Come to meNot, perhaps, the most creative lyrics on planet Earth - kirtan lyrics rarely are - but her melody is simple, convincing, full of free-floating love. I couldn't find the long version on YouTube, but this website will play it for you via MySpace.
I will take away your sorrow, come to me
I will open your tomorrow, come to me
I will open up your heart, come to me
We will never be apart
The following morning, I paid $0.99 to download the song to my iPhone so I could listen to it on the way to work. I sang along. I over-listened to it for most of last week. Then, on Friday, when I was full of jitters and loose ends and terror about my last day of work and what it held for me, I just kept the song in a little pocket in my mind, murmuring "Remove all fear, come from where you are to here," when I felt sad or anxious. It helped so immensely - it's a great debt I have to this song, now, for its soothing powers during the past week.

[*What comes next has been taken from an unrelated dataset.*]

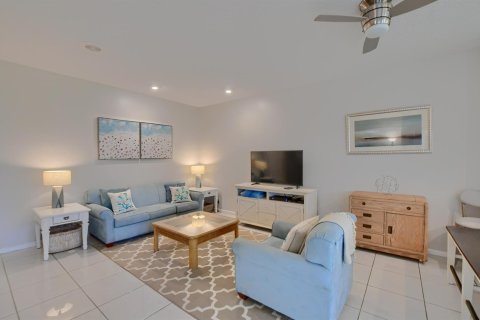 Copropriété à louer à Boca Raton, Floride: 2 chambres, 106.37 m2 № 2176304 - photo 8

Even so, I think the song helps to demonstrate what Ganga said, because when she makes jai ma into the chorus toward the end of the song (jai ma is perhaps the most basic and widespread of all chants, and the one most likely to be irrevocably patterned into Wah!'s brain), it feels like a bit of a creative failure. I'll still sing along, but it seems like overkill that she put the Sanskrit in there at all. She could have just repeated the earlier lyrics. But instead, she's got to work jai ma in there somewhere, because everything comes back to jai ma, jai ma, jai jai ma.

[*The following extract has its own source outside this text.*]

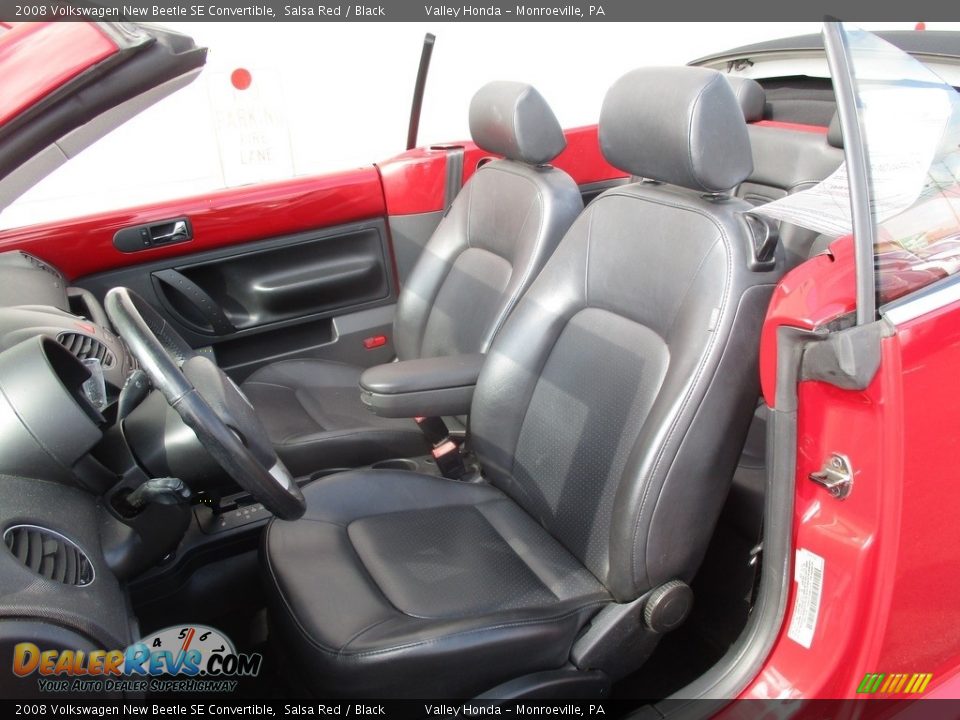 2008 Volkswagen New Beetle SE Convertible Salsa Red / Black Photo #11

I still haven't managed to insert this song into any of my class mixes. It's too soft for the majority of the music I use in vinyasa classes (which is stuff like Thievery Corporation and Cafe Del Mar), and it's too bouncy for restorative or yin classes. I'll figure out a chill mix to put it in, because others deserve the gift this song gave me, but it'll have to be next week, when I have time enough at last to pick through my music as I've been wanting to for months. I'm thinking of putting together a mix called Inevitably Makes Me Feel Better (or something rather more catchy), with "Rocket Man" and "When I Come Around" and "Enter Sandman" and "Come to Me" and others on there, songs that never, ever fail to fix whatever ails me for four or five minutes.